The Yeo-Johnson power transformation is a Box-Cox style transform that can stabilise variance and make skewed numerical features look more Gaussian even when the data contain zeros or negative values.
Definition #
For an observation (y) and power parameter (\lambda), the Yeo-Johnson transform (T_\lambda(y)) is defined piecewise:
$$ T_\lambda(y)= \begin{cases} \dfrac{(y + 1)^\lambda - 1}{\lambda}, & y \ge 0,\ \lambda \ne 0,\\ \log(y + 1), & y \ge 0,\ \lambda = 0,\\ -\dfrac{(1 - y)^{2 - \lambda} - 1}{2 - \lambda}, & y < 0,\ \lambda \ne 2,\\ -\log(1 - y), & y < 0,\ \lambda = 2. \end{cases} $$
- When (\lambda = 1) the transform leaves the data unchanged.
- Positive observations are treated like a Box-Cox transform on (y + 1).
- Negative observations are reflected around zero, allowing the method to cope with sign changes.
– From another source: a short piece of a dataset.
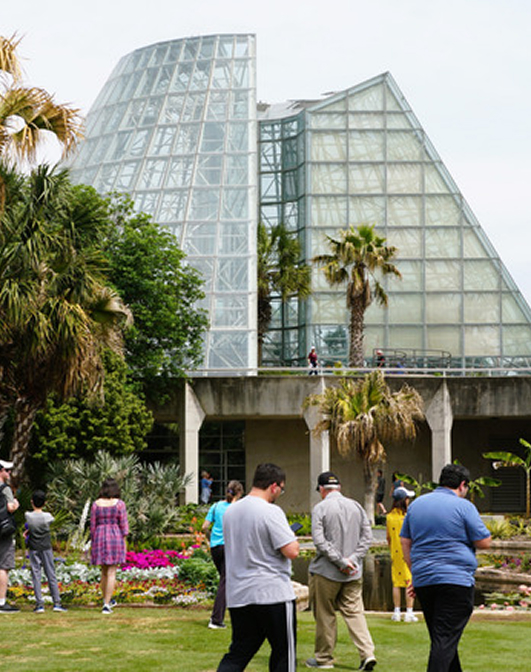 greenhouse exterior at SABG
- The inverse transform is defined by solving the same cases for (y); SciPy provides it via
scipy.stats.yeojohnson_inverse.
The parameter (\lambda) is usually estimated by maximising the log-likelihood of the transformed data under a normal model. SciPy exposes the maximum-likelihood estimate through yeojohnson_normmax.
I. Yeo and R.A. Johnson, “A New Family of Power Transformations to Improve Normality or Symmetry”, Biometrika 87(4), 2000.
Worked example #
from scipy import stats
import matplotlib.pyplot as plt
x = stats.loggamma.rvs(1, size=1_000) - 0.5
plt.hist(x, bins=30)
plt.axvline(x=0, color="r")
plt.title("Original distribution with negatives")
plt.show()
from scipy.stats import yeojohnson, yeojohnson_normmax
lmbda = yeojohnson_normmax(x) # maximum-likelihood estimate of λ
print(f"Estimated λ: {lmbda:.3f}")
x_trans = yeojohnson(x, lmbda=lmbda)
plt.hist(x_trans, bins=30)
plt.title("After Yeo-Johnson")
plt.show()
The histogram after transformation is much closer to symmetric. Because we explicitly pass lmbda, we can reuse the same parameter for validation or test data:
X_train_trans = yeojohnson(X_train, lmbda=lmbda)
X_valid_trans = yeojohnson(X_valid, lmbda=lmbda) # reuse training λ
Practical tips #
- Standardise features after the power transform if your model expects zero mean and unit variance.
- Apply the transformation parameters learned on the training split to every other split to avoid data leakage.
- When heavy tails remain, compare Yeo-Johnson with robust scalers such as
RobustScaler; combining them often works well.
This transformation is a drop-in replacement for Box-Cox in preprocessing pipelines that cannot assume strictly positive data.